Widzi dawno nie widzianą wierzbę ...Boże jak ona rozrosła się … Przy niej murowana kapliczka. Murarze się kręcą koło niej. Coś tam robią. Dorabiają, dokuwają? Kamieniarz przy nich i ksiądz. Idzie znów jak ponad 40 lat temu zaciekawiony. Gapiów dużo. Słońce przypieka. Dochodzi do kapliczki. Widzi nowe napisy OD.R.1892. Dedukuje, że odnowiona tegoż roku, Anno Domini 1892. Gawiedź klęczy, modli się. Karawaka nabrała nowego światła i świeżości. Krzyż choleryczny widoczny. Modły znów snują się po Puławach i nie tylko. W niedalekiej Końskowoli siedziby wielkich tych ziem Konińskich , Tęczyńskich, Sieniawskich czy Czartoryskich przy kościółku św. Anny konsekrowanym bodajże w 1613 roku postawiono murowaną kolumnową karawakę z płytą, z modlitwą…. Gdzieś dalej w bardzo starym mieście Kurów , przy starym bo sięgającym na pewno połowy XVIII wieku cmentarzu postawiano parę dni wcześniej - krzyż Karawakę. W niedalekich Klementowicach , bardzo starej, bo sięgającej ponad 600 lat parafii za wzgórzem kościelnym stała już w XVIII wieku Karawaka – Krzyż – przebłagalny…. Nie mówiąc o Kazimierzu , Włostowicach….

 

Odnowiona karawaka - bohaterka opowiadania - Puławy

 

 

Znów – cholera ! Zaklnął pod nosem kapitan… Ktoś w ludu, mówi już zachorowało ponad 6000 ludzi na Lubelszczyźnie,a Panie w Puławach znaczy w  powiecie naszym już ponad 900 zachorowało.  Przeraził się kapitan i odszedł na trzy koki od zgromadzenia. Znów – cholera ! Wymamrotał. To za dużo dla niego. Poszedł do tawerny nie tylko złagodzić nerwy ale i „odkazić” się. Zapadł w sen po lekkiej kolacji a mocnym trunku. Obudził go skowyt psów ujadających od świtu. Otworzył już nie młode oko. Naciągnął spodnie niemrawie. Głowa boli , wzrok lata po izbie. Miał wrócić na pokład ,dać dyspozycje. Miał udać się do szpitala…. Ech .. informacja o kolejnej fali epidemii go załamała. Ciekawość wzięła górę i wyskoczył przed tawernę. Słońce już dobrze grzało i jego blask oślepił kapitana na krótką chwilę. Widzi zaprzęg koni – pewnie kobyły pociągowe i wóz drabiniasty a na nim zwłoki cholerycznych ofiar. Za nim kondukt morowy….Zły omen…. 

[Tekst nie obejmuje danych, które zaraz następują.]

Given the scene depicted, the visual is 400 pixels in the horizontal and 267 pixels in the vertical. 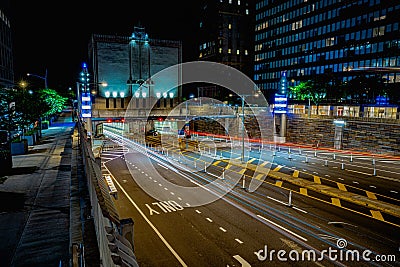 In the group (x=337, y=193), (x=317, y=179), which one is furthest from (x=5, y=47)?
(x=337, y=193)

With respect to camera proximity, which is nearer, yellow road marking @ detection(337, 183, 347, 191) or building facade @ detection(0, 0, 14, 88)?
yellow road marking @ detection(337, 183, 347, 191)

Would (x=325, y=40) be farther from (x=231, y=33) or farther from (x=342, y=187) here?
(x=342, y=187)

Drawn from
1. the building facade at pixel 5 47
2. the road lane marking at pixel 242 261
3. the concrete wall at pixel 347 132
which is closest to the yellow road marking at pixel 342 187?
the road lane marking at pixel 242 261

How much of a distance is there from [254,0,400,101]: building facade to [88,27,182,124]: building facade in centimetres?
4021

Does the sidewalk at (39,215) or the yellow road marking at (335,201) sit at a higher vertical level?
the sidewalk at (39,215)

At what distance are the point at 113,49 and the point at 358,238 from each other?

Dziś musi się dowiedzieć co z jego nawigatorem pozostawionym 40 lat temu… 

Wierzba pochyla się nad kapliczką. Ludzi od rana wielu, wielu się modli, wielu ma przy sobie małe medaliki- karawaki. By dom, by domowników chronić mimo wszystko. Dziś wyrusza po sól do Bochni. Żupy czekają. Portowy zaduch, mieszanka zapachu ryb, palonego drewna w wędzarniach,i czegoś nieokreślonego. Ta nieokreśloność to całe życie marynarzy, cały świat ich życia, wybranej drogi, daleko od rodziny, tam dziewczyna, gdzie port. Ile to dziewczyn w Puławach stała na redzie i wyczekiwała swoich ukochanych, widziała ,że nie są ich na całe życie, ale na ten port, na tą chwilę tak. Być choć przez chwilę kochanym, być zatopionym w jego bezpiecznych i męskich ramionach. Poczuć jego zapach, poczuć jego świat, być kawałkiem świata jego i swego razem ,choć na kilka dni…

 

Karawaka - bohaterka opowiadania - Puławy

 

 

Dziś śniadanie mu nie smakowało , kapitan zły ,kapitan głodny. Czas płynie, czas zabiera masę ludzi. Tyle tu już było epidemii, ta z 1708 roku, ta w Instytucie Panien, czy ta zła, smutna ,osobista z 1852 roku.  Otwiera furtę bramy, kilku pacjentów przechadza się dziedzińcem szpitala św Karola. Przemykają kitle lekarskie , pielęgniarki , wycie pacjentów. Kapitan szuka szefa tego szpitala. On ma księgi….Nie przedstawił się dyrektor szpitala, tylko stwierdził , że kontynuuje misję wspaniałego Karola Khittla,doktora nauk medycznych na dworze Czartoryskich. Podrzucił tylko imię – Alfons.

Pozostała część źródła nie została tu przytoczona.